2024-01-23 * Maintenance on get_custom_flag() to align with updated DRR requirements * Added function replace_blanks() to ingest a directory of .csvs and write them back out to .csv (overwriting the original files) with blanks converted to NA (except if a file has NO data - then it remains blank and needs to be dealt with manually)

QCkit 0.1.2 “Automated Shuttle Pilot”

2023-11-20 * Added the function create_datastore_scipt(), which given a username and repo for GitHub will generate a draft Script Reference on DataStore based on the information found in the latest Release on GitHub.

24 April 2023 * fixed bug in get_custom_flags().

QCkit 0.1.0.4

17 April 2023

get_elevation() new function for getting elevation from GPS coordinates via USGS API.

21 March 2023

order_cols new function for ordering columns added

16 March 2023

Added a new function, get_taxon_rank() which takes a column of scientific names and generates a new column with the most specific scientific name rank listed. It does this purely based on recognizing patterns in the scientific naming scheme and not by matching a list of known genera, families, etc.
Consolidated get_taxon_rank() and te_check() into a single file, taxonomy.R.
Deprecated te_check() in favor of check_te()
Deprecated DC_col_check() in favor of check_dc_cols()
Deprecated utm_to_ll() in favor of convert_utm_to_ll()
Deprecated long2UTM() in favor of convert_long_to_utm()

QCkit 0.1.0.3

28 February 2023

te_check() bug fix - exact column name filtering allows for multiple columns with similar names in the input data column. Improved documentation for transparency.

23 February 2023

updated te_check(). It now supports searching multiple park units.

22 February 2023

updated te_check(). Now prints the source of the federal match list data and the date it was accessed to the console. Made the output format prettier. Added an “expansion” option to the function. Defaults to expansion = FALSE, which checks for exact matches between the scientific binomial supplied by the user and the full scientific binomial in the matchlist. When expansion = TRUE, the genera in the data supplied will be checked against the matchlist and all species from a given genera will be returned, regardless of whether a given species is actually in the supplied data set.
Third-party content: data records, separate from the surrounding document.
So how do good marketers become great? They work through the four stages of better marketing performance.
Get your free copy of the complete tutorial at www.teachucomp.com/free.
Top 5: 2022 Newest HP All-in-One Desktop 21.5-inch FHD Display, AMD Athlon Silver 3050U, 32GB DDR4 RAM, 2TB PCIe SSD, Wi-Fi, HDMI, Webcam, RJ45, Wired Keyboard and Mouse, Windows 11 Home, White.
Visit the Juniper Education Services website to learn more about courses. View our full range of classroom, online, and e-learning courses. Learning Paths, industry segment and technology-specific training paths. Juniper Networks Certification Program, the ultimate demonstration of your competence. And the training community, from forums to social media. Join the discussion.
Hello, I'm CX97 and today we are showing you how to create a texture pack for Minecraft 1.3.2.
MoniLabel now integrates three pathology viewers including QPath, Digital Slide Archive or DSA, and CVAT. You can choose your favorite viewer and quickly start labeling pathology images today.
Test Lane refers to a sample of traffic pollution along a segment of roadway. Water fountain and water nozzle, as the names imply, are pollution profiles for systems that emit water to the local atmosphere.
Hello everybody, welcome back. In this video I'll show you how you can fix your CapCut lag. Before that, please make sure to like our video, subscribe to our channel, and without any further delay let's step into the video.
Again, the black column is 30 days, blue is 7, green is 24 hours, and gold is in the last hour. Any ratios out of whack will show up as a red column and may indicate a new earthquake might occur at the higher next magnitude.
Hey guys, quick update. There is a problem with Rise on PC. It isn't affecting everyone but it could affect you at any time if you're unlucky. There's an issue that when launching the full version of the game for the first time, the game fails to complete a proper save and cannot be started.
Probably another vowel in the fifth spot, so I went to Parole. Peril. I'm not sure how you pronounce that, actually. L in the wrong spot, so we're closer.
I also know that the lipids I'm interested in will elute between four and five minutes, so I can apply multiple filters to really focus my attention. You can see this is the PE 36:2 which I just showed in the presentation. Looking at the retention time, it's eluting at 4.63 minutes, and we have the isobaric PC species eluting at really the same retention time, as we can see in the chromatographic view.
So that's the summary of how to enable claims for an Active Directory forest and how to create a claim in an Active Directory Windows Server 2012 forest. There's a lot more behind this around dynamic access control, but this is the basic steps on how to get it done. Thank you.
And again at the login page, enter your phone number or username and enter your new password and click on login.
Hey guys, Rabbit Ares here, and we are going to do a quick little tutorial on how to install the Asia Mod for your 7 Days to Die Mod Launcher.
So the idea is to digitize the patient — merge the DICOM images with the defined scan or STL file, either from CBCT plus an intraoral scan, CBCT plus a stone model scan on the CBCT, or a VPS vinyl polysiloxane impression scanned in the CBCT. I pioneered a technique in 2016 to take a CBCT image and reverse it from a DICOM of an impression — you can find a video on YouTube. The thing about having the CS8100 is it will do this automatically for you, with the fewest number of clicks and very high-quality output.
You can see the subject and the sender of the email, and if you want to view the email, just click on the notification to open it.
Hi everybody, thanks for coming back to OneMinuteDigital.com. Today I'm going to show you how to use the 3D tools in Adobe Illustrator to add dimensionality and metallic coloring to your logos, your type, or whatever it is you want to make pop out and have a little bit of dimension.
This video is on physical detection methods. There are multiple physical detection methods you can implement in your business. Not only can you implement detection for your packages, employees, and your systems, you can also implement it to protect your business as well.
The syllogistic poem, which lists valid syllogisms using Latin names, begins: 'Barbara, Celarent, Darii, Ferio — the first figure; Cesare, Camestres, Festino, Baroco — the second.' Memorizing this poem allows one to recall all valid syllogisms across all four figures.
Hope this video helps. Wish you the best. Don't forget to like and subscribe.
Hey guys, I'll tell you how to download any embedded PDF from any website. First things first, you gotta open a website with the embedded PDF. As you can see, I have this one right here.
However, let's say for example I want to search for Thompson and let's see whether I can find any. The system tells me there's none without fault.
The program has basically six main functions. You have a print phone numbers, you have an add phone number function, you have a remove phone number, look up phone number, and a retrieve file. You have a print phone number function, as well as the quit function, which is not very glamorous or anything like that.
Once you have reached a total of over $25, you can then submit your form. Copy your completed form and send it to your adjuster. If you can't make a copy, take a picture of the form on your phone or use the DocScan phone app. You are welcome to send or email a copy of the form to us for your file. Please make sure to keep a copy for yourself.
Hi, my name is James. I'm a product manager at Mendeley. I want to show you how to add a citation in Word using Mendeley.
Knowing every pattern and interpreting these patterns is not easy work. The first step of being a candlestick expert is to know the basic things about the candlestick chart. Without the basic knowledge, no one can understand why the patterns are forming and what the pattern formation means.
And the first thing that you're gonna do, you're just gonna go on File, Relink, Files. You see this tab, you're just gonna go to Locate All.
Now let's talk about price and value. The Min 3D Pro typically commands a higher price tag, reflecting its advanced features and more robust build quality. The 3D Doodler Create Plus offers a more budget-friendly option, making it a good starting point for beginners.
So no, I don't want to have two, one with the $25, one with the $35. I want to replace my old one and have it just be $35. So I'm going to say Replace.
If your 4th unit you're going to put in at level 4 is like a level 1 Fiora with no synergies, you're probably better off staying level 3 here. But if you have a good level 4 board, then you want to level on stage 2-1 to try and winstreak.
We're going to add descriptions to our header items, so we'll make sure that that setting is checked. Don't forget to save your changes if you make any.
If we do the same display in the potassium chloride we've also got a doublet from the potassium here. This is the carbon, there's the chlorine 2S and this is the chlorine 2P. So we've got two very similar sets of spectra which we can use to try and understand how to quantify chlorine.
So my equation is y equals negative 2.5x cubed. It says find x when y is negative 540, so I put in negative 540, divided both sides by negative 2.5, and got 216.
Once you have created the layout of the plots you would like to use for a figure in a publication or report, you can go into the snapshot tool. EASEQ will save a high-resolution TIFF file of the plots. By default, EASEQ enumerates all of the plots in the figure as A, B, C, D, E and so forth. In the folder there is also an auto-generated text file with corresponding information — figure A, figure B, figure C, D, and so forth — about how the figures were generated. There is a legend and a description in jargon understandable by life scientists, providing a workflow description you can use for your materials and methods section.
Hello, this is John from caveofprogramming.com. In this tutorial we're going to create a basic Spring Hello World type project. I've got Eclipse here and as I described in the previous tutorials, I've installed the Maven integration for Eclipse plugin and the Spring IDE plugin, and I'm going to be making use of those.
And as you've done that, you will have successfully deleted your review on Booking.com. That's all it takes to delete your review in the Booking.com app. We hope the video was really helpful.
A new column “InData” will tell the user whether a given species is actually in their data or has been expanded to.

QCkit 0.1.0.2

02 February 2023

Fixed a major bug in te_check() that was causing the function return species that were not threatened or endangered. The function now returns a tibble containing all species that are threatened, endangered, or considered for listing, specifies the status code of each species, and then give a brief explanation of the federal endangered species act status code returned.

QCkit 0.1.0.2

deprecated get_dp_flags(), get_df_flags(), and get_dc_flags in favor of get_custom_flags(). The new get_custom_flags() function returns 1-3 data frames, depending on user input that contain the output of the 3 previous functions. It also allows the user to specify additional non-flagged columns to be included in the QC summary.
- Marked get_custom_flags() as experimental.
- Removed “force” option and removed final print statement
- Reduced number of summary columns reported
- fixed RRU calculation to be (A+AE)/(A+AE+P+R+NA) instead of (A+E)/(A+AE+P+R)

QCkit 0.1.0.1

Added 3 functions to summarize data quality flags:
- get_dp_flags() returns counts of each data flag (A, AE, R, P) across the whole data package (as well as all cells in the data package).
- get_df_flags() returns counts of data flags within each data file of the data package (as well as counts for all cells within the data package).
- get_dc_flags() returns the name of each flagging column within each data package and the count of each flag within each column as well as the total number of cells across all the data flagging columns.
- Each function has a force option that defaults to force = FALSE and prints the results to the screen. setting force = TRUE will suppress the on-screen output.

QCkit 0.1.0.0

Added a NEWS.md file to track changes to the package.